Given data:
________________________

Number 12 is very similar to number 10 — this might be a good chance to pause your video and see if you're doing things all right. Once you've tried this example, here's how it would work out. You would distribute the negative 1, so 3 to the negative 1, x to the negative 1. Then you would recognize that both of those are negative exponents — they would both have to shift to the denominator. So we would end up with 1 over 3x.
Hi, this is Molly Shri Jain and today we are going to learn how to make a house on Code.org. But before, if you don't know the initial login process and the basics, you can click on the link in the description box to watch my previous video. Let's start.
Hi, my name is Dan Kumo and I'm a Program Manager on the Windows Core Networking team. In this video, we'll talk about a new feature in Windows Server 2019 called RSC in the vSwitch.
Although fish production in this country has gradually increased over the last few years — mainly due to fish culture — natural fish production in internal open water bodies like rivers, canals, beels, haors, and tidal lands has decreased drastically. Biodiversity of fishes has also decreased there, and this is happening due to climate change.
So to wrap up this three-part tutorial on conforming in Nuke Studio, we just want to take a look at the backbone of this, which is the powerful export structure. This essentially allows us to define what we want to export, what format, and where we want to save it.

________________________

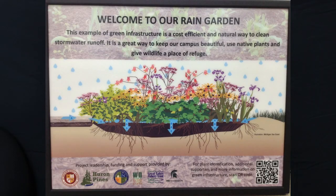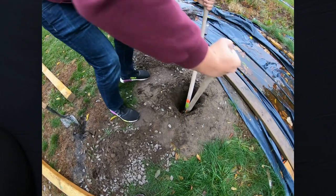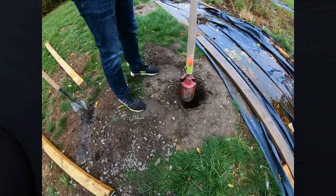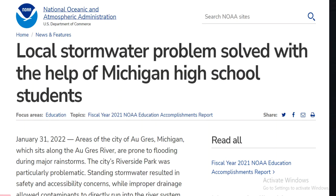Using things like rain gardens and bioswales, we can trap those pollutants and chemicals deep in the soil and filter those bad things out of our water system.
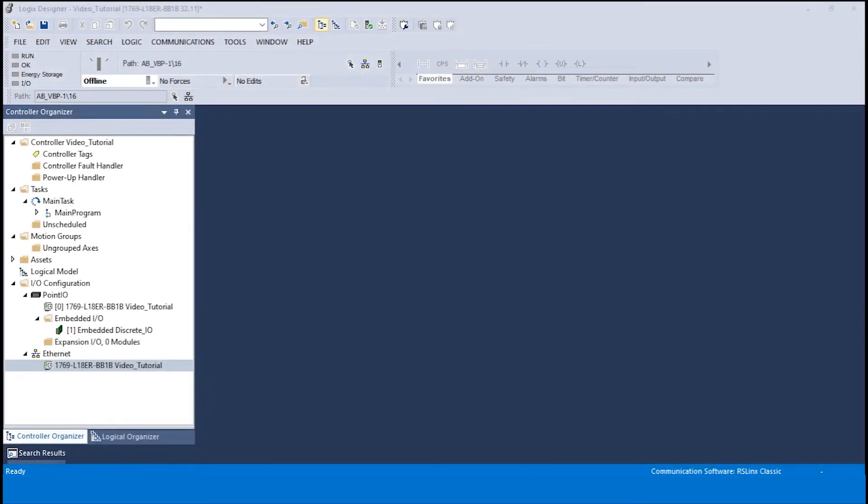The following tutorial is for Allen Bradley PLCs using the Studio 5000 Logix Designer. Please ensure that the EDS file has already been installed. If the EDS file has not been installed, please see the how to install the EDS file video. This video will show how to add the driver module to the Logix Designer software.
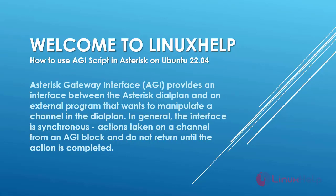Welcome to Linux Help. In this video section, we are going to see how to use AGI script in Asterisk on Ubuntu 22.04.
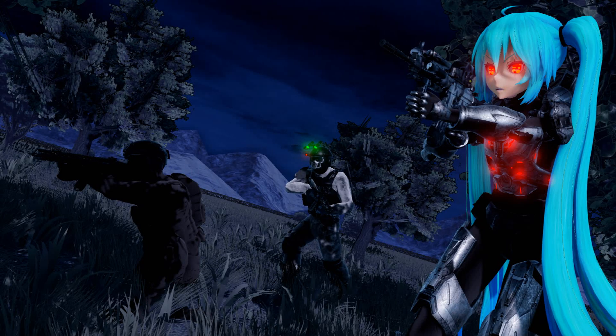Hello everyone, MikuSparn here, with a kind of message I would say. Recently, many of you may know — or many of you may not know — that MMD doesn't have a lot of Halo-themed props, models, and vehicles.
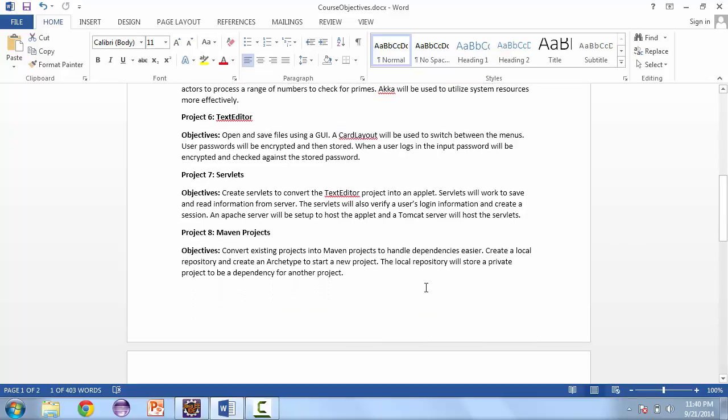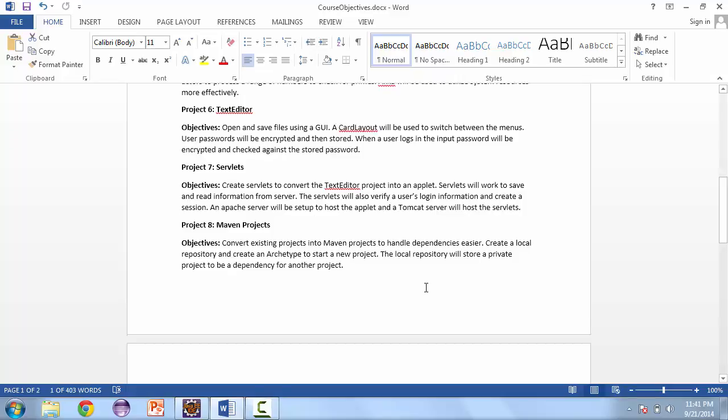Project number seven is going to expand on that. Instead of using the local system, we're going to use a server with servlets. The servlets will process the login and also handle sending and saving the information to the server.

________________________

Task description: All lines above starting at the one with "Using things like" and ending at the one with "Project number seven", inclusive, are to be printed again exactly, with the pictures left out.

Answer to the problem:
Using things like rain gardens and bioswales, we can trap those pollutants and chemicals deep in the soil and filter those bad things out of our water system.
The following tutorial is for Allen Bradley PLCs using the Studio 5000 Logix Designer. Please ensure that the EDS file has already been installed. If the EDS file has not been installed, please see the how to install the EDS file video. This video will show how to add the driver module to the Logix Designer software.
Welcome to Linux Help. In this video section, we are going to see how to use AGI script in Asterisk on Ubuntu 22.04.
Hello everyone, MikuSparn here, with a kind of message I would say. Recently, many of you may know — or many of you may not know — that MMD doesn't have a lot of Halo-themed props, models, and vehicles.
Project number seven is going to expand on that. Instead of using the local system, we're going to use a server with servlets. The servlets will process the login and also handle sending and saving the information to the server.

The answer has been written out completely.